### [YOUR INSTRUCTIONS]
In the listing below, the lines starting with the line with "EXCLUSIVO DPTO 311M2 DOMÓTICA MIELE" and going on through the line with "Metal Boys - Balustrady Piaseczno" are to be reproduced exactly, and only those.

### [DATA SHOWN]
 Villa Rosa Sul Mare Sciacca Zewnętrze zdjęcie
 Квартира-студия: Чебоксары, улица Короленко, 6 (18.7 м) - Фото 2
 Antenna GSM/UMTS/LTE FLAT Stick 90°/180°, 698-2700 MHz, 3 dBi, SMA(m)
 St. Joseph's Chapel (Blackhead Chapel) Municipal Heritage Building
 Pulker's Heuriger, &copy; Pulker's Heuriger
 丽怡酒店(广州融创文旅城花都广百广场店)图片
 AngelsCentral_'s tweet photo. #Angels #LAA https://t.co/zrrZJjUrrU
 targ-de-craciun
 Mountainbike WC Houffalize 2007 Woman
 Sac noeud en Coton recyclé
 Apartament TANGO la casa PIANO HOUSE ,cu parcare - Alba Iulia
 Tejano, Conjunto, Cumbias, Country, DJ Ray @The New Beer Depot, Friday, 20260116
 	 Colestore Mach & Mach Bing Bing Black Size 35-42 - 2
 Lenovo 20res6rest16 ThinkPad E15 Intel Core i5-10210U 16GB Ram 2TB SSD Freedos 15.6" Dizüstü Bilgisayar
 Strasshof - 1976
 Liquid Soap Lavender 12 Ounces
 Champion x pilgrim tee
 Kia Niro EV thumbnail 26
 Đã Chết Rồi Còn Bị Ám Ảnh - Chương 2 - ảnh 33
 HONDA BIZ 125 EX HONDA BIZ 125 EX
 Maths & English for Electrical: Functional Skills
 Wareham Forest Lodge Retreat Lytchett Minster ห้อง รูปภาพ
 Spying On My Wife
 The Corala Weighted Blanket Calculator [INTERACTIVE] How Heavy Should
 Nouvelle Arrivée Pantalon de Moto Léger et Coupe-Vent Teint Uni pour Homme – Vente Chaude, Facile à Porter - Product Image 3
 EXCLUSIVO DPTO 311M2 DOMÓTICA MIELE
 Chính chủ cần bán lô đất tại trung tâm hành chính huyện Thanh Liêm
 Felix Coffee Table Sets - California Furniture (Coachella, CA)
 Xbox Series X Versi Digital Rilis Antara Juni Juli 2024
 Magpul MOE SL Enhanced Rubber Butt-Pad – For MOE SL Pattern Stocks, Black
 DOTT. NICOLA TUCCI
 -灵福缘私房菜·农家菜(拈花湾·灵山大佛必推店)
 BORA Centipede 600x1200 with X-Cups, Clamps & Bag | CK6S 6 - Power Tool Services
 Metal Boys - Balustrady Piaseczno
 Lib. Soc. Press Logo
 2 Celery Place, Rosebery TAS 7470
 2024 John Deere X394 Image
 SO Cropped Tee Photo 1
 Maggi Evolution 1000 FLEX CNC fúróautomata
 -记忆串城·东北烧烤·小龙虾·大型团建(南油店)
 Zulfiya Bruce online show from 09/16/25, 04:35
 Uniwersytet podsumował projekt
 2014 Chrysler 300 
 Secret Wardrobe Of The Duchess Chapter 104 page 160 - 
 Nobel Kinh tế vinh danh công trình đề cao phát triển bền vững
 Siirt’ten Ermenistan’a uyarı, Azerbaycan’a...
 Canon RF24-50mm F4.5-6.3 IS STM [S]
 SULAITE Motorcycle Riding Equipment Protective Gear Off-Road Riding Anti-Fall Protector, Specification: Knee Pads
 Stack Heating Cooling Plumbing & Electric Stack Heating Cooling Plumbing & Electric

### [SOLUTION TO THIS PROBLEM]
 EXCLUSIVO DPTO 311M2 DOMÓTICA MIELE
 Chính chủ cần bán lô đất tại trung tâm hành chính huyện Thanh Liêm
 Felix Coffee Table Sets - California Furniture (Coachella, CA)
 Xbox Series X Versi Digital Rilis Antara Juni Juli 2024
 Magpul MOE SL Enhanced Rubber Butt-Pad – For MOE SL Pattern Stocks, Black
 DOTT. NICOLA TUCCI
 -灵福缘私房菜·农家菜(拈花湾·灵山大佛必推店)
 BORA Centipede 600x1200 with X-Cups, Clamps & Bag | CK6S 6 - Power Tool Services
 Metal Boys - Balustrady Piaseczno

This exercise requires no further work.